The improved isoperimetric inequality and the Wigner caustic of planar ovals

TL;DR

This paper introduces an improved isoperimetric inequality for convex curves in the plane, incorporating the Wigner caustic's area, and establishes stability results showing near equality implies the curve is close to constant width.

Contribution

The paper presents a new inequality involving the Wigner caustic and proves stability, extending classical isoperimetric results with affine geometric insights.

Findings

Improved inequality includes Wigner caustic area term

Equality holds for curves of constant width

Stability result links near equality to curves close to constant width

Abstract

The classical isoperimetric inequality in the Euclidean plane $\mathbb{R}^2$ states that for a simple closed curve $M$ of the length $L_{M}$, enclosing a region of the area $A_{M}$, one gets \begin{align*} L_{M}^2\geqslant 4\pi A_{M}. \end{align*} In this paper we present the improved isoperimetric inequality, which states that if $M$ is a closed regular simple convex curve, then \begin{align*} L_{M}^2\geqslant 4\pi A_{M}+8\pi\left|\widetilde{A}_{E_{\frac{1}{2}}(M)}\right|, \end{align*} where $\widetilde{A}_{E_{\frac{1}{2}}(M)}$ is an oriented area of the Wigner caustic of $M$, and the equality holds if and only if $M$ is a curve of constant width.

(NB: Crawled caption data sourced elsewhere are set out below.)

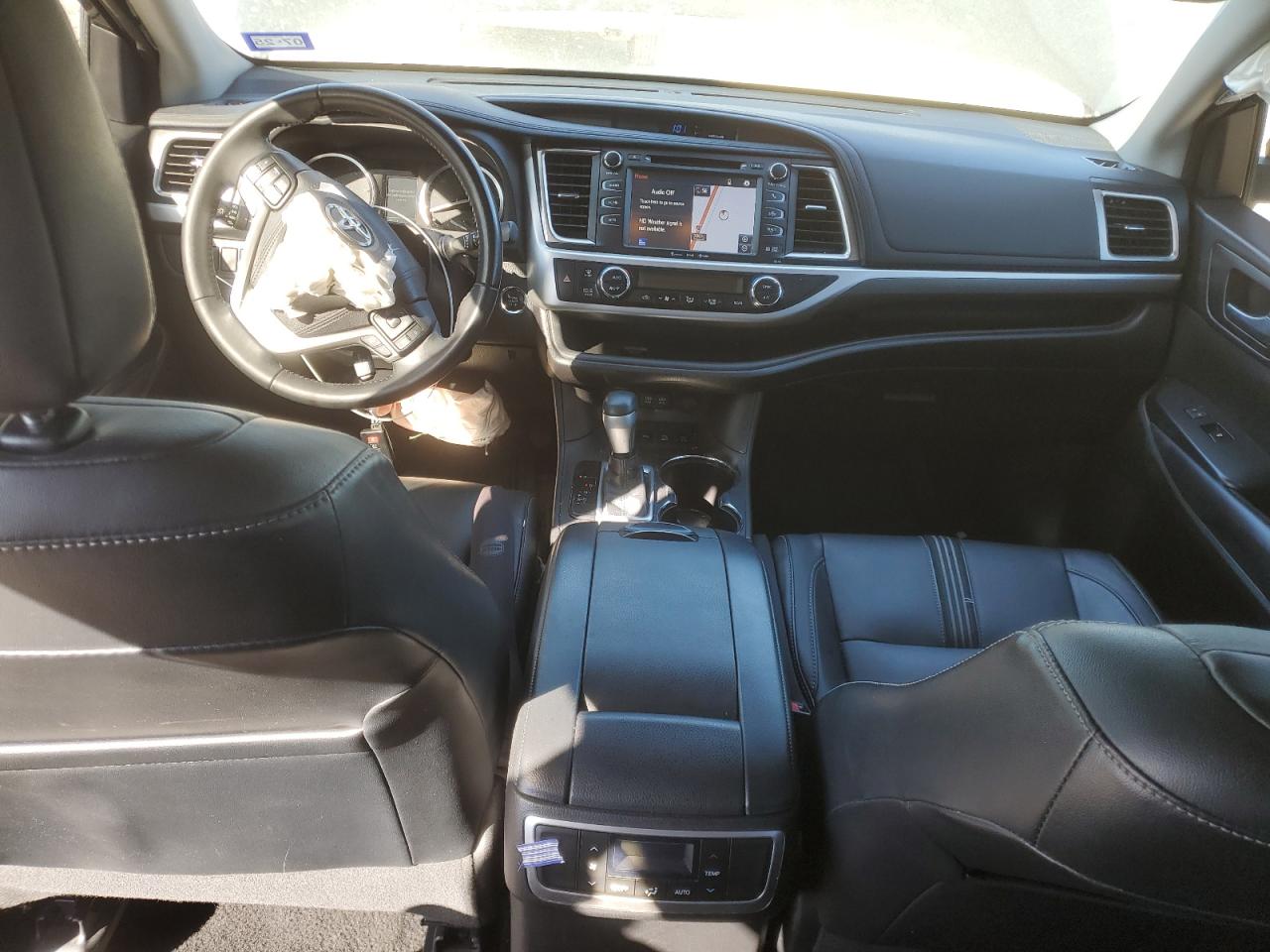 2018 Toyota Highlander - Image 8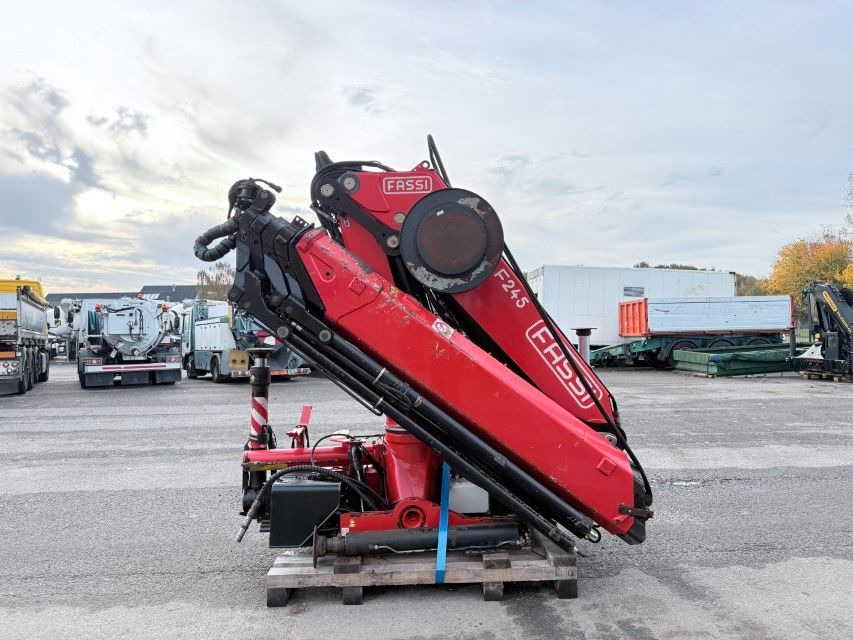 Fassi F245A.2.25 E-Dynamic Radio Remote / Crane - Tovornjak z dvigalom: slika 1 Fassi F245A.2.25 E-Dynamic Radio Remote / Crane - Tovornjak z dvigalom: slika 1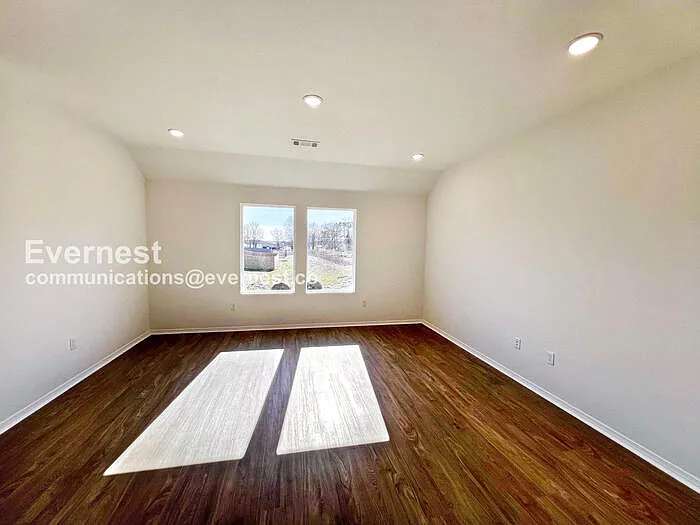 1607 Ridgefield Cir — Photo 13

Furthermore we also present a stability property of the improved isoperimetric inequality (near equality implies curve nearly of constant width). The Wigner caustic is an example of an affine $\lambda$-equidistant (for $\displaystyle\lambda=\frac{1}{2}$) and the improved isoperimetric inequality is a consequence of certain bounds of oriented areas of affine equidistants.